Comment Monsieur Bernier concilie-t-il cette apparente contradiction? Il nie précisément la nécessité d'agir contre les GES en mettant en doute la thèse d'un réchauffement alors que le ministre de l'Environnement du cabinet de son gouvernement accumule du capital politique dans un projet dans lequel il prend spécifiquement acte de la nécessité de réduire les émissions.

On constate donc que même les conservateurs appuient l'État dans son offensive pour développer et investir dans le développement durable, en l'occurrence ici dans les transports en commun. Devant les défis sociaux, médicaux et environnementaux auxquels nous sommes confrontés, nous devons penser l'exploitation des sables bitumineux d'une manière responsable. On doit investir les retombées dans un ensemble de mesures promptes à faire avancer la société : on doit utiliser cet argent pour les écoles, pour les bibliothèques, pour favoriser l'agriculture biologique et la rendre accessible, pour construire entretenir des infrastructures sportives, pour favoriser les arts et l'épanouissement de la culture, pour la recherche et le développement, bref on doit «laver» ces sables en investissant dans des mesures pour améliorer la santé et le bonheur des citoyens. Autrement dit, on doit se servir de l'argent généré par l'exploitation desdits sables pour «racheter» en quelque sorte le bilan négatif que l'extraction et la consommation, encore nécessaire au demeurant, me manquent pas de provoquer.

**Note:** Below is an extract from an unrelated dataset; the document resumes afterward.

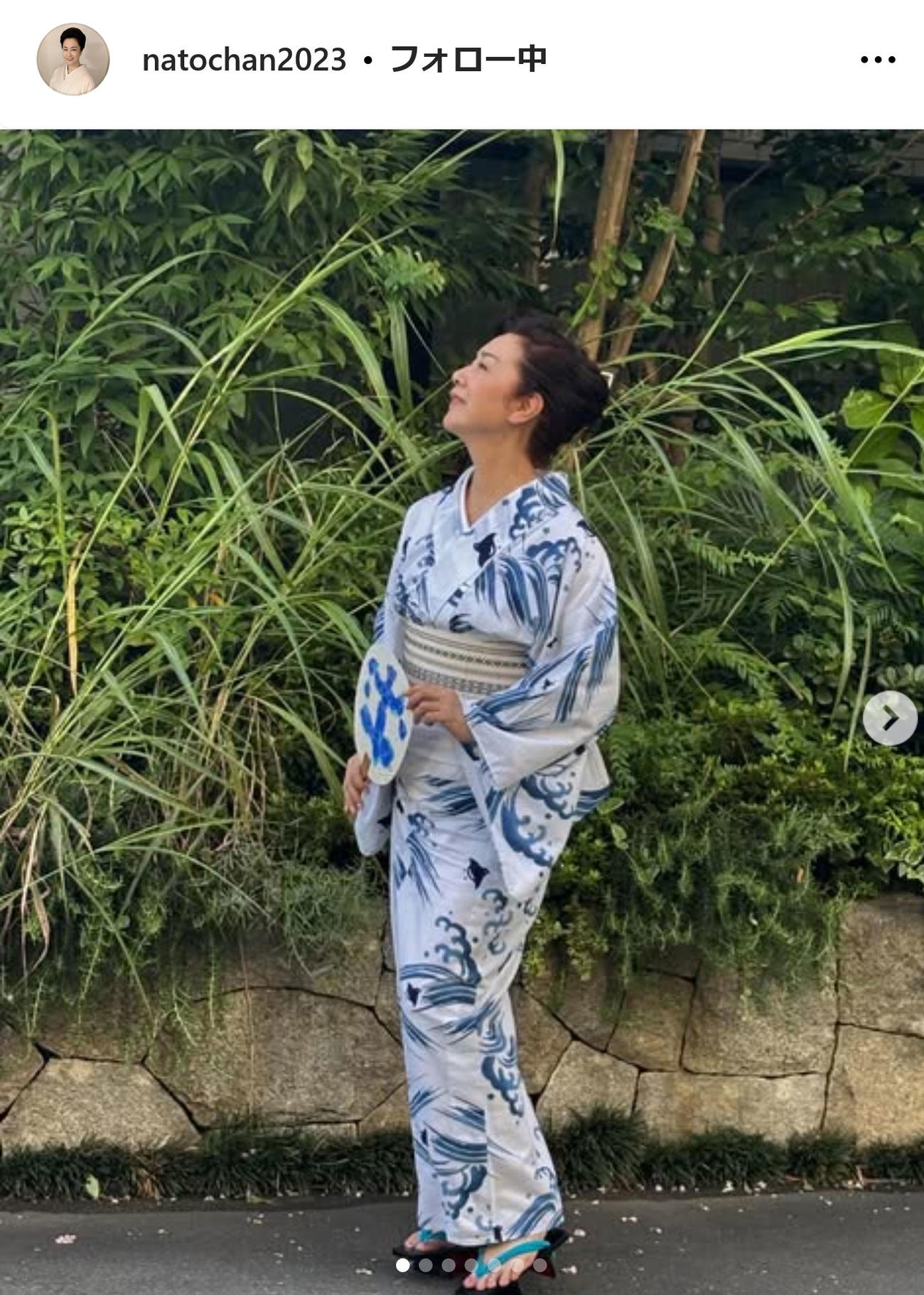 名取裕子インスタグラムから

Si on ne fait que profiter de la manne sans l'investir, nous gaspillons d'une manière honteuse ce que la nature avait mis à notre disposition. C'est comme si nous mangions la poule aux oeufs d'or. Par ailleurs, nous ne devons pas oublier que les richesses dont nous faisons l'extraction sont un emprunt aux générations futures, nous n'avons pas le droit dilapider stupidement un tel capital.



L'engagé

1 commentaire:

  1. Intéressante analyse fouillée avec une réflexion articulée. Il semble bien que, malgré les effets négatifs environnementaux, l'homme ait besoin d'exploiter l'environnement.

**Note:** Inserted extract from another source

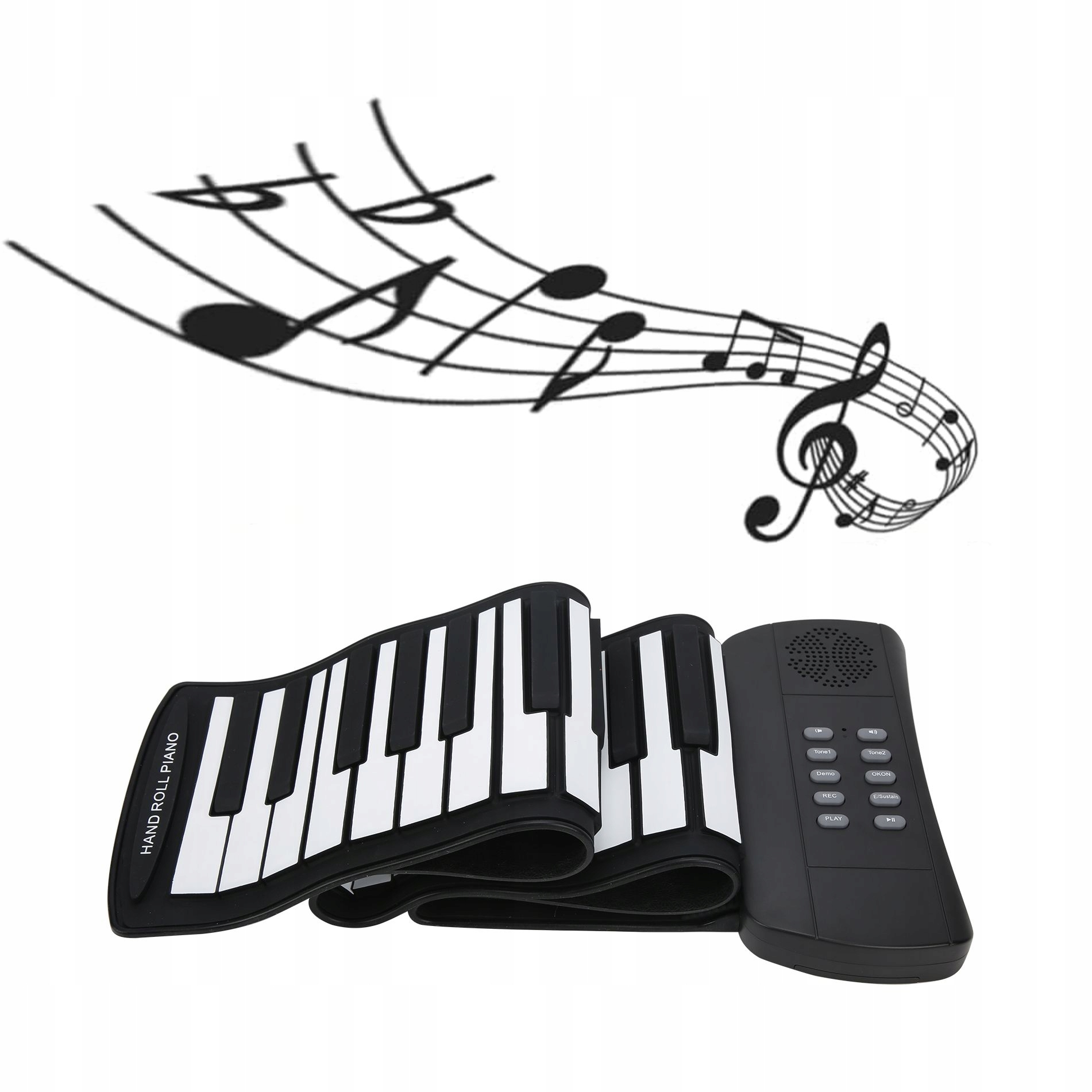 Přenosný 61 Klávesový Rolovací Klavír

    Pour moi, laisser le champ libre aux grandes entreprises dans ces domaines est inquiétant. Mais bon, dans l'idéal, nous serions maîtres chez nous. En réalité, nous vivons dans des rapports de forces et dans un contexte mondial où les forces de productions nécessaires aux humains sont entre les mains de gens qui s'en accaparent pour leur pouvoir propre. Évidemment, cette dilapidation sans contrepartie du patrimoine des hommes à l'heure des défis environnementaux en contexte de globalisation des économie est à questionner sur un plan éthique.

    L'état demeure la seule carte pour régir ces domaines. Et ce n'est pas évidemment bien simple!